The witness, Mr Abdulkareem Farouk Dauda, who is a lead investigative officer with the State Security Service, SSS, yesterday, gave graphic account of the processes that culminated in the arrest and subsequent detention of the embattled lawmaker representing Borno South Senatorial District.
Dauda, who is the first prosecution witness, PW-1, told the court that Ndume was hulled in for interrogation, after the convicted self-confessed spokesman of the sect, Ali Umar Konduga, insisted that he was one of their sponsors.
Led into evidence by the prosecuting counsel, Mrs I.I Idevba, the witness told the court that he was part of the team that on November 23, 2011, searched the house of the accused person at 30, Moses Adasun Close, Apo legislative quarters, where he said some indicting documents were secured by the SSS.
He further told the court that upon his arrest, Ndume made four separate statements, where he allegedly explained how he was contacted by members of the sect.
The said statements were, yesterday, admitted into evidence and marked as exhibits B1 to B4, by trial Justice Gabriel Kolawole.
SSS yet to probe Sambo’s involvement
Nevertheless, the witness told the court that the SSS was yet to investigate Ndume’s allegation that the Vice President, Namadi Sambo, was aware of his involvement with members of the Jammatul Sunnah Walid Jihad, otherwise known as Boko Haram.
Specifically, Ndume who is answering to a four-count criminal charge, had in his statements, maintained that the reason the sect approached him was as a result of his being a member of the Presidential Committee that was inaugurated on August 2, 2011, with a view to addressing the security challenges in the North Eastern part of the nation.
He said the first telephone exchange between him and the sect was on October 4, 2011, two months into the committee’s work.
In a 24-paragraph affidavit he deposed before the court, Ndume said after the sect approached him, “he promptly informed one Usman, who represented the SSS before the Presidential Committee of his contact with the said Jammatul Sunnah Walid Jihad (otherwise known as ‘Boko Haram’ sect) and also other members of the committee.
“He also informed the Director of State Security Service of his interaction with the said “Boko Haram” sect and forwarded a copy of the DVD he obtained from the sect to the Director of SSS for review.
“The Vice President of the Federal Republic of Nigeria, His Excellency Namadi Sambo, is also aware that he was in contact with the Jammatul Sunnah Walid Jihad (otherwise known as ‘Boko Haram’).”
When the defence counsel, Chief Ricky Tafa, SAN, asked why the allegation made against the Vice President Sambo was not given any consideration, the witness said his team was not mandated to delve into that aspect of the matter.

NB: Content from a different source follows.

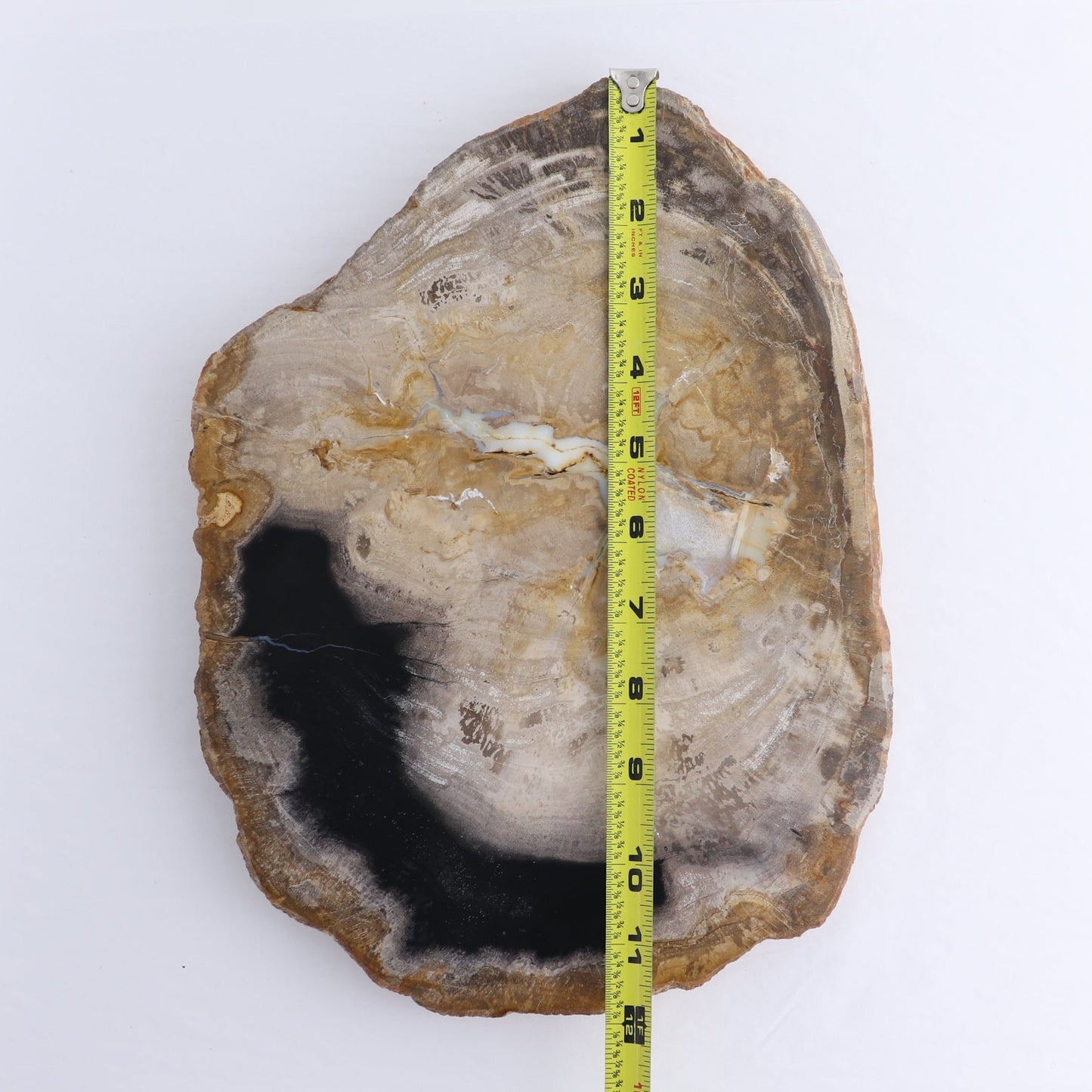 Petrified Wood Slab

He said: “The accused was assigned to my team by extension after he had a discussion with our superior officer who was the chairman of the investigative panel. I was instructed as a member of that team to take him to the interview room where I provided him with stationery he used to write his statement.”
Ndume begs for leave to travel abroad
Meanwhile, the court, yesterday, adjourned till July 10 to hear a fresh motion filed before it by the embattled lawmaker who is begging the court to allow him to travel abroad for the lesser Hajj.
Sequel to objection raised against the motion by the prosecuting counsel, Justice Kolawole gave the Federal Government 72 hours to file a formal opposition to the application.
Ndume was accused of furnishing the Boko Haram sect with classified information that aided their terrorist operations in the country.
He was arrested by the SSS on November 21, 2011 and docked before the high court on December 12, sequel to his indictment by Konduga, who fingered him as one of their major sponsors.
According to the federal government, the offence he committed was contrary to section 7(1) (b) of the Terrorism (Prevention) Act, 2011 and punishable under Section 7(1) of the same Act.
Ndume has since asked the court to quash the charge against him for want of incriminating evidence.